Print the lines below from the line with "3 - 縁の部分をスティックでこすることで豊かな倍音が広がります。" to the line with "Las claves del" exactly, keeping both ends, and print no pictures.

DATA UNDER STUDY:
________________________________________

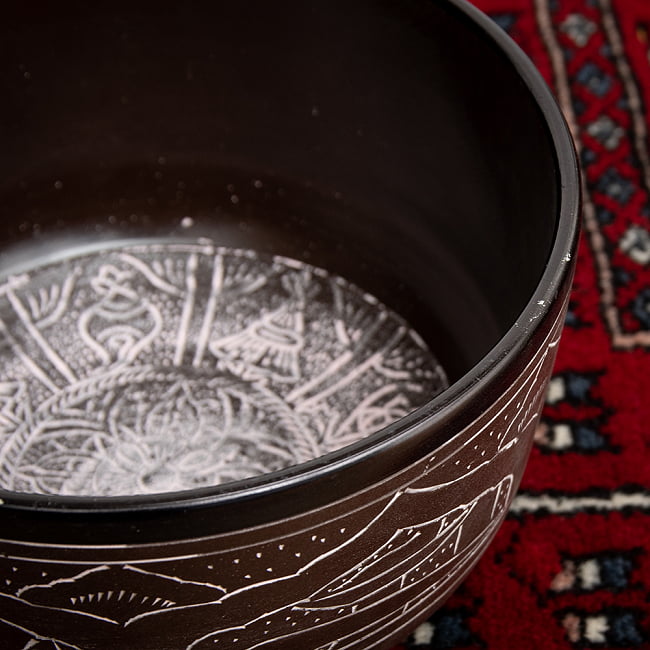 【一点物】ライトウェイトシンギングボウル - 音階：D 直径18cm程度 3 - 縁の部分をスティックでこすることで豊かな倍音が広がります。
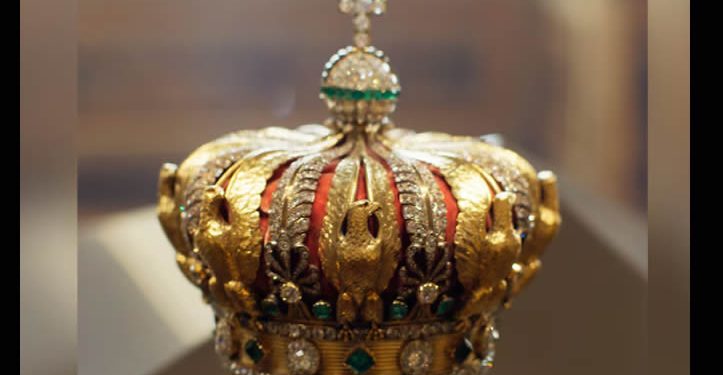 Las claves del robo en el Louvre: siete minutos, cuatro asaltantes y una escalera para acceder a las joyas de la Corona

________________________________________

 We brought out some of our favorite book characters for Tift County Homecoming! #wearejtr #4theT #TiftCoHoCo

________________________________________

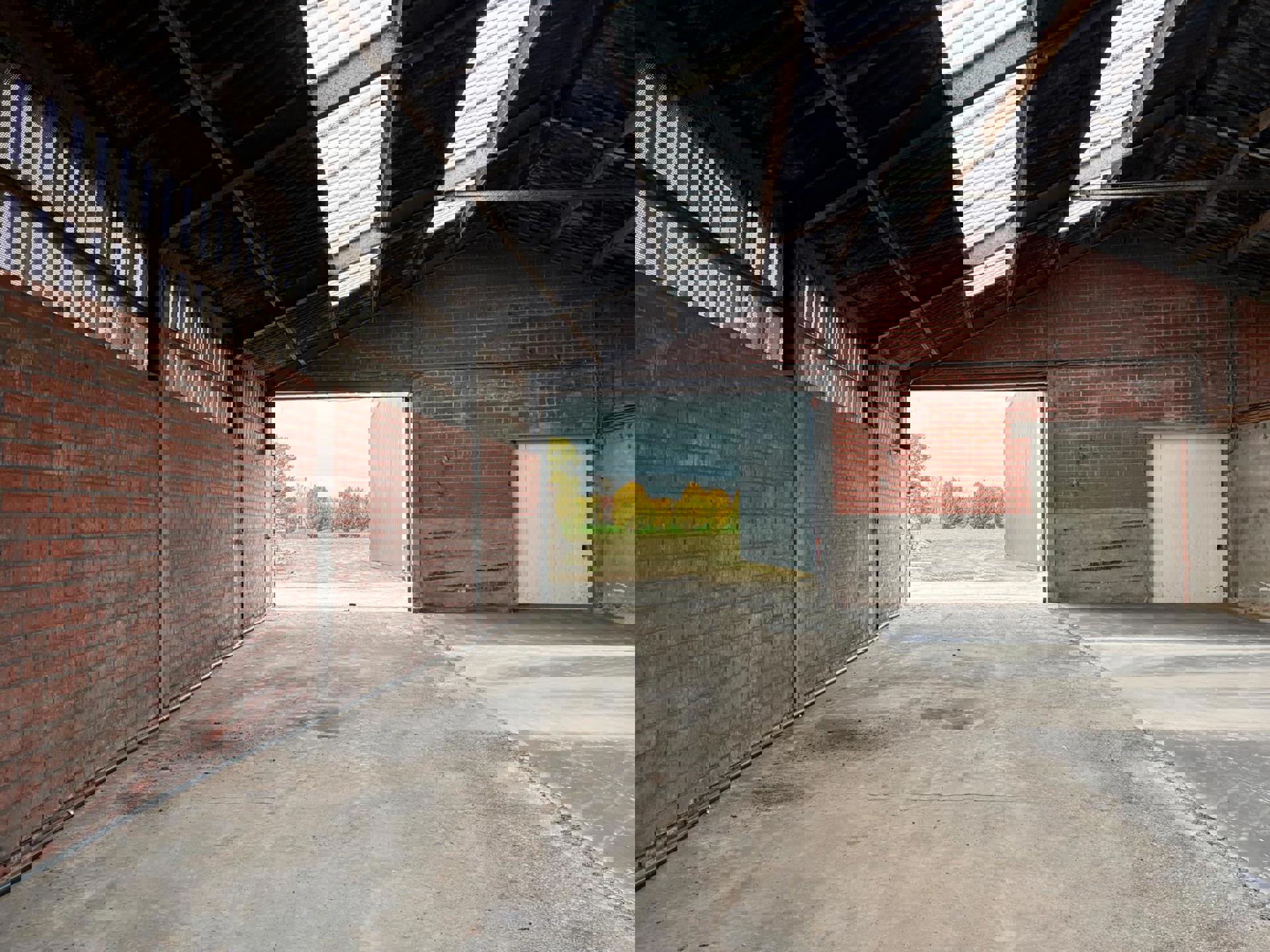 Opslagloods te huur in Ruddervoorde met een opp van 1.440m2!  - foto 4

________________________________________

YOUR SOLUTION:
 【一点物】ライトウェイトシンギングボウル - 音階：D 直径18cm程度 3 - 縁の部分をスティックでこすることで豊かな倍音が広がります。
 Las claves del robo en el Louvre: siete minutos, cuatro asaltantes y una escalera para acceder a las joyas de la Corona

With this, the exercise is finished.